Le Conseil d’État a suspendu vendredi deux arrêtés fixant la répartition des sièges au sein de la métropole Aix-Marseille-Provence, empêchant l’entrée en fonction de la plus vaste intercommunalité de France, à la gestation laborieuse, jusqu’à une décision du Conseil constitutionnel.
« En attendant la décision du Conseil constitutionnel et les suites qu’il conviendra de lui donner, le futur conseil de la métropole d’Aix-Marseille-Provence ne peut donc pas siéger et les groupements de communes qui existent aujourd’hui peuvent continuer à fonctionner »,
a précisé la plus haute juridiction administrative dans un communiqué.
Saisi fin novembre, le Conseil constitutionnel doit rendre sa décision dans les trois mois. La métropole Aix-Marseille-Provence, la plus vaste de France, est censée, selon la loi, devenir une réalité le 1er janvier 2016. Elle regroupera 92 communes sur 3.173 km2 et comptera 1,83 million d’habitants. Elle a déjà un président, le sénateur-maire de Marseille Jean-Claude Gaudin (Les Républicains), élu début novembre président en dépit des recours déposés jusqu’au dernier moment par des élus opposés au projet, souvent du même bord politique que lui. Ils sont à l’origine du litige devant le Conseil d’État.

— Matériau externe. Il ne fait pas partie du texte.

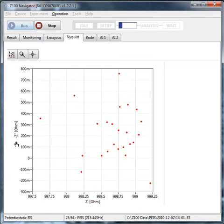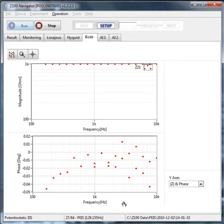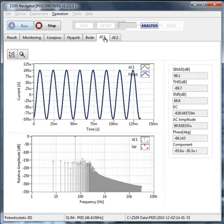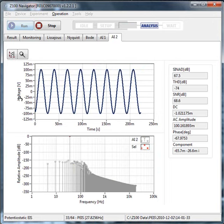The Bode plot shows the magnitude versus frequency. AI1 and AI2 display the current and voltage AC and DC values.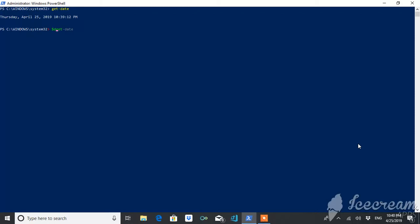So let's begin. I am storing the value of this get-date into a variable which is date. And to store a variable, you define a variable by putting a dollar sign and then giving the name of that variable.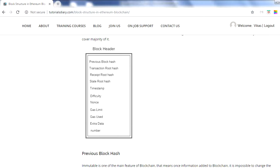The third one is the state root hash. In Ethereum, state is a key-value pair — the account address is the key, and for each account you have a balance and other properties. That is stored in a state tree, and the state tree's root hash is stored in the block header. So whereas Bitcoin has one tree, Ethereum has three trees: transactions, receipts, and state.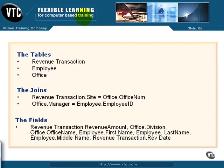The fields will include your revenue amount, your division, office name, employee first name, employee last name, employee middle name, and the revenue transaction date.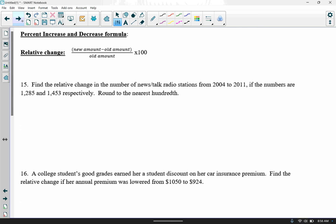Last formula: relative change. This can be asked as percent increase, percent decrease, or relative change — they all refer to the same formula: new amount minus old amount, divided by old amount, times 100. It's important to put the numerator in parentheses if entering it all at once in a calculator. I personally like to do the subtraction first before going to the calculator.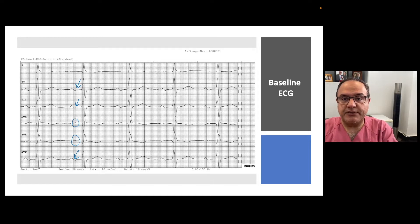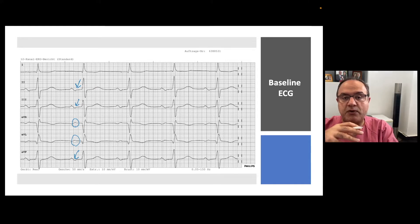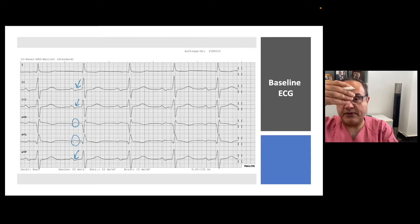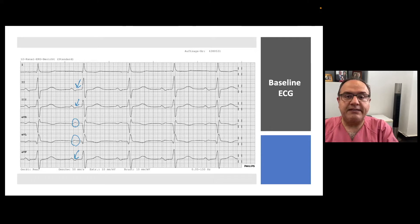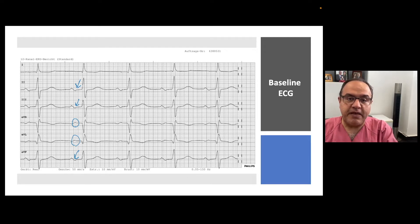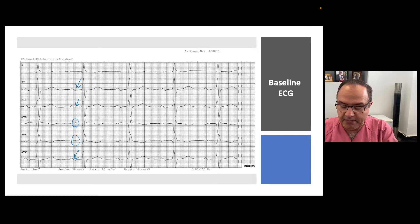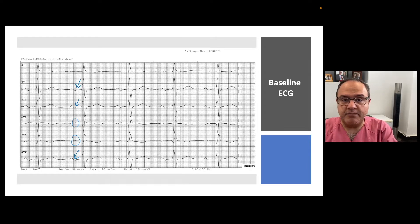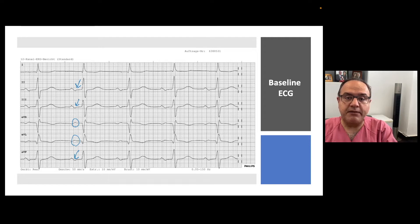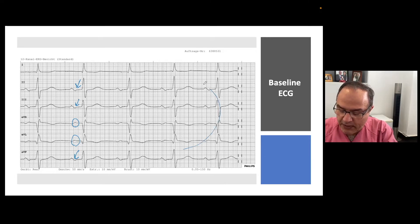Usually, interatrial conduction happens through the Bachmann bundle, so left atrial activation is from superior to inferior, and therefore the left atrial component of the P wave would be positive. But in this case, in leads II, III, and AVF, the left atrial component of the P wave is negative, which is the typical ECG finding in Bachmann bundle block.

La balle est désormais dans le camp du Conseil constitutionnel, pour lever l’incertitude juridique sur la métropole, qui a fait craindre ces derniers mois, aux syndicats notamment, des problèmes dans le versement des salaires des fonctionnaires ou dans l’exécution des marchés publics après le 1er janvier.
Voulue par le gouvernement, construite laborieusement
Dans sa décision, le Conseil d’État souligne d’ailleurs qu’il faut éviter que le conseil de la métropole ne siège avant la décision constitutionnelle pour que la légalité de « ses premières décisions » – comme l’élection des vices-présidents, le vote du règlement intérieur, et autres règles de fonctionnement – ne puisse être « affectée ». En revanche, la prorogation si nécessaire en 2016 des intercommunalités existantes, qui devaient disparaître au 1er janvier, permettra d’éviter « une rupture de continuité dans l’exécution des services publics auxquels ceux-ci pourvoient », relèvent les sages. La question posée au conseil constitutionnel porte sur la constitutionnalité de dispositions sur la loi métropole du 27 janvier 2014. Les juges constitutionnels doivent se pencher sur un système d’attribution de sièges supplémentaires à certaines communes, qui fait craindre à des maires la prééminence de Marseille dans la métropole, et pourrait poser problème au regard du principe d’égalité devant le suffrage.
Voulue par le gouvernement, cette métropole s’est construite laborieusement. Elle doit permettre à ce territoire de rattraper un certain nombre de retards, pointés récemment encore par l’Insee: transports inefficaces et congestionnés, emploi et attractivité en berne, ou encore faible mixité sociale. Dans une réaction à l’AFP, la ministre de la Décentralisation Marylise Lebranchu a pris « acte de la décision du Conseil d’État » et dit attendre celle du Conseil constitutionnel. Jeudi, Mme Lebranchu s’était justement déplacée à Marseille pour une « conférence métropolitaine » censée acter le passage de flambeau de l’État et des différents partenaires aux élus locaux, et le passage aux projets concrets, après plusieurs années de travail institutionnel. Elle s’était dit « sereine » quant à la décision à venir du Conseil constitutionnel.